Talk (1): Men Also Like Shopping: Reducing Social Bias Amplification in Natural Language Processing
Machine learning techniques have played a major role in natural language processing systems. These techniques are often based on data-driven approaches, in which an automated system learns how to make decisions based on the statistics and diagnostic information from collected data. Despite these methods being successful in various applications, they run the risk of discovering and exploiting societal biases present in the underlying data. For instance, an automatic resume filtering system may inadvertently select candidates based on their gender and race due to implicit associations between applicant names and job titles, causing the system to perpetuate unfairness potentially. Without properly quantifying and reducing the reliance on such correlations, broad adoption of these models can work to magnify stereotypes or implicit biases. In this talk, I will describe a collection of results that quantifying and reducing gender bias in natural language processing models, including word embeddings and models for visual semantic role labeling and coreference resolution.
Talk (2): Jointly Learning Representations for Low Resource Information Extraction
There is abundant knowledge out there carried in the form of natural language texts, such as social media posts, scientific research literature, medical records, etc., which grows at an astonishing rate.
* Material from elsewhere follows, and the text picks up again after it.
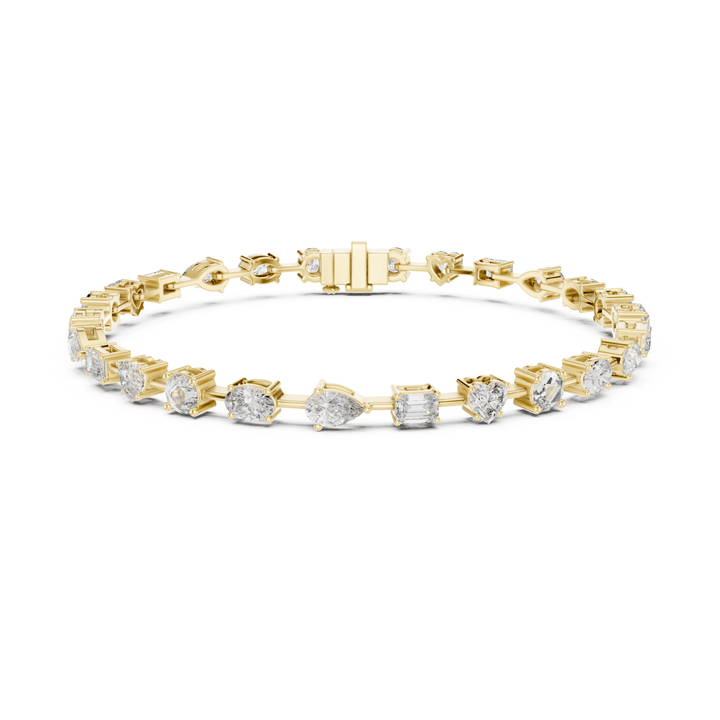 Mixed Shape 4 ctw Lab Diamond Tennis Bracelet - BC117 in Bracelet by 18 KARATS INC.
Yet this knowledge is mostly inaccessible to computers and overwhelming for human experts to absorb. Information extraction (IE) processes raw texts to produce machine understandable structured information, thus dramatically increasing the accessibility of knowledge through search engines, interactive AI agents, and medical research tools. However, traditional IE systems assume abundant human annotations for training high quality machine learning models, which is impractical when trying to deploy IE systems to a broad range of domains, settings and languages. In this talk, I will present how to leverage the distributional statistics of characters and words, the annotations for other tasks and other domains, and the linguistics and problem structures, to combat the problem of inadequate supervision, and conduct information extraction with scarce human annotations.
Kai-Wei Chang is an assistant professor in the Department of Computer Science at the University of California, Los Angeles. He has published broadly in machine learning and natural language processing. His research has mainly focused on designing machine learning methods for handling large and complex data. He has been involved in developing several machine learning libraries, including LIBLINEAR, Vowpal Wabbit, and Illinois-SL. He was an assistant professor at the University of Virginia in 2016-2017. He obtained his Ph.D. from the University of Illinois at Urbana-Champaign in 2015 and was a post-doctoral researcher at Microsoft Research in 2016. Kai-Wei was awarded the EMNLP Best Long Paper Award (2017), KDD Best Paper Award (2010), and the Yahoo! Key Scientific Challenges Award (2011). Additional information is available at http://kwchang.net.
Nanyun Peng is a computer scientist at Information Science Institute. She got her Ph.D at Johns Hopkins University under the supervision of Professor Mark Dredze. She is broadly interested in Natural Language Processing, Machine Learning, and Information Extraction. Her research focuses on using deep learning for information extraction with scarce human annotations. Nanyun is the recipient of the Johns Hopkins University 2016 Fred Jelinek Fellowship. She holds a master's degree in Computer Science and BAs in Computational Linguistics and Economics, all from Peking University.